The monastery was frequently attacked by the Mongols and looted by various armies, followed by a devastating fire that broke open in the 1840s. In 1975 a violent earthquake caused further damage to the building which was repaired with the help of the Archaeological Survey of India and the State Public Works Department.
The monastery is famous for its architecture called Pasada style. Pasada style is characterised by two or more stories and often plays the role of a fort-monastery. The monastery is spread over three floors – underground, ground and first floor. Underground is mainly utilized for storage; ground floor is used as assembly hall. The ground floor also has small rooms for monks.
Once this monastery was a wonderful example of the monastic architecture that came into prominence during the 14th century because of Chinese influence. The walls of the monastery are decorated with beautiful paintings and murals, thangkas (a painted or embroidered Tibetan banner), valuable manuscripts, stucco images, and unique wind instruments.
The monastery also has a collection of musical instruments like trumpets, cymbals and drums. There is also a collection of weapons which were probably used to defend the monastery from the attackers.
Repeated attacks on the monastery resulted in frequent renovation and reconstruction work which in turn has given rise to irregular box like structure. The building has the appearance of a defensive fort rather than a monastery.
The name ‘Spiti‘ means “The middle land” and here quite surprisingly so, it is the land between Tibet and India and maybe that’s the very reason for it shares a very similar and intense Buddhist culture as to that found in Tibet and also in Ladakh. It is hardly surprising that the whole of Spiti is known as Little Tibet.
Key is among the three monasteries of the Gelugpa sect in Spiti valley, the other being Tabo Monastery and Drangtse Monastery.
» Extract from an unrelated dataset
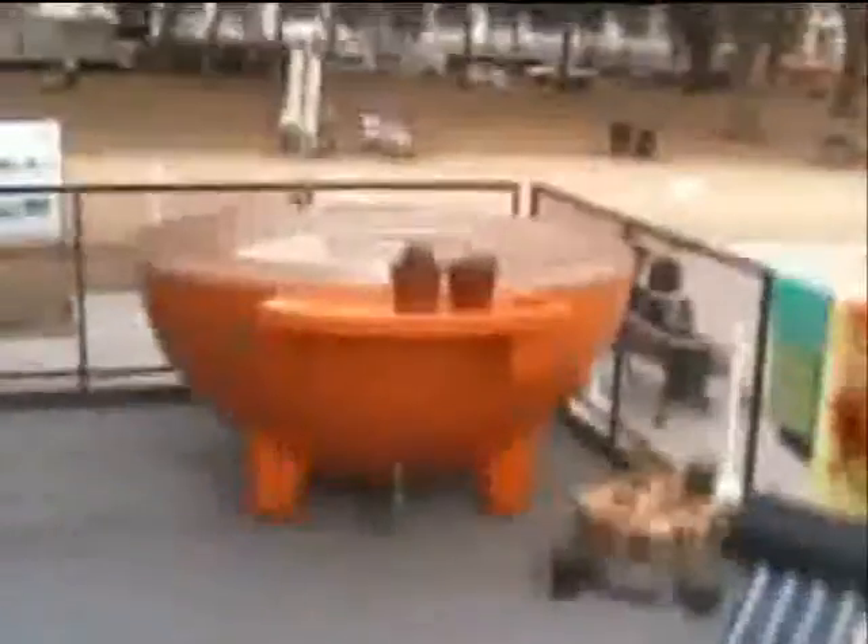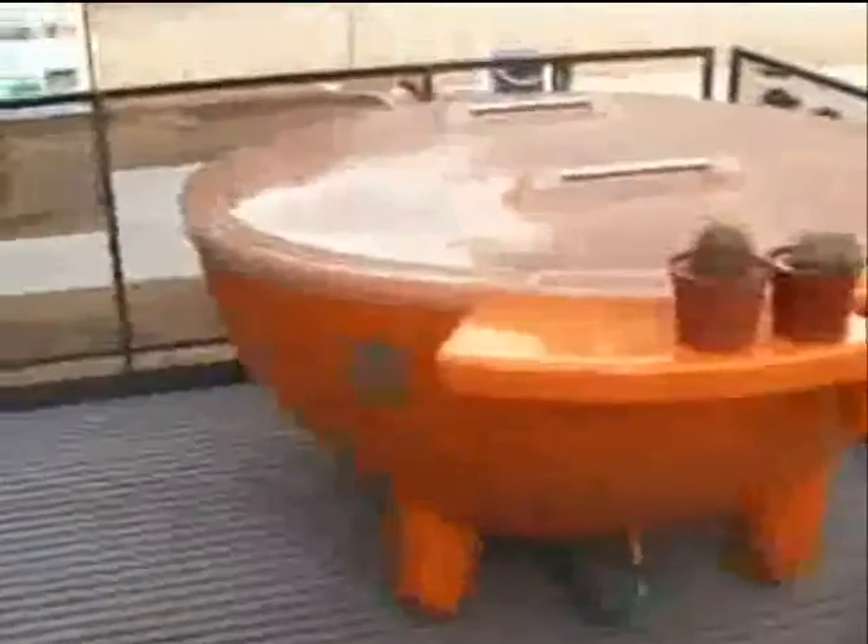This is a company called Dutch Tub, which makes a wood-burning hot tub, and then we just retrofit it.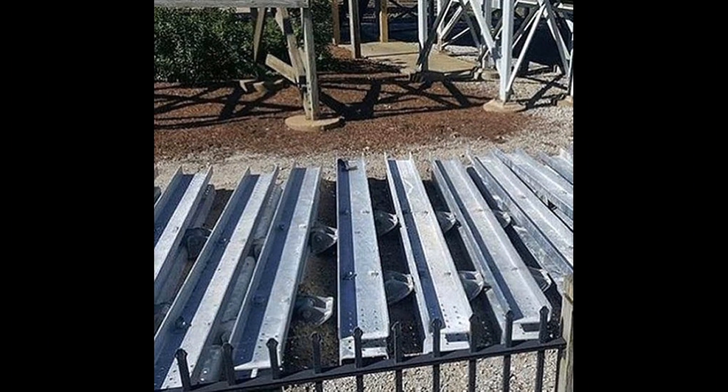Hey guys, it's Patrick of Coaster Fanatics and today I'm sharing with you this awesome photo of RMC track support spotted by the Mean Streak at Cedar Point. You guys, this is huge to see supports like this already. Seeing these supports this early is starting to make me lean towards 2017 rather than 2018.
Around the month of June and July, the Key monastery celebrates a festival, in which the Chaam dancers are followed by a procession by lamas who reaches the ritual ground below the monastery to perform dance. A large butter sculpture of a demon is set on fire and the devotees lays themselves down on the route, so that the lamas can walk over them as a part of a ritual.
Best time to visit Key Gompa
Best time for visiting Key Monastery is from Mid June to October. At this time, Rohtang Pass remains open and weather is also pleasant. Rohtang Pass Closes around post October due to snow fall.
If you are alright with extreme cold then you can take the Shimla-Kalpa-Tabo-Kaza route. This route is open all year round.
Where to stay
Travelers can stay in dormitories for a nominal charge. The charge includes food and accommodation. There’s a dining area near the prayer hall. Best part is that the Lamas prepare the meals themselves. So the food is super clean and hygienic.Other Accommodations near Key Monastery.
If you don’t want to stay at the Key Monastery then Home stays are available in Kaza and Kibber.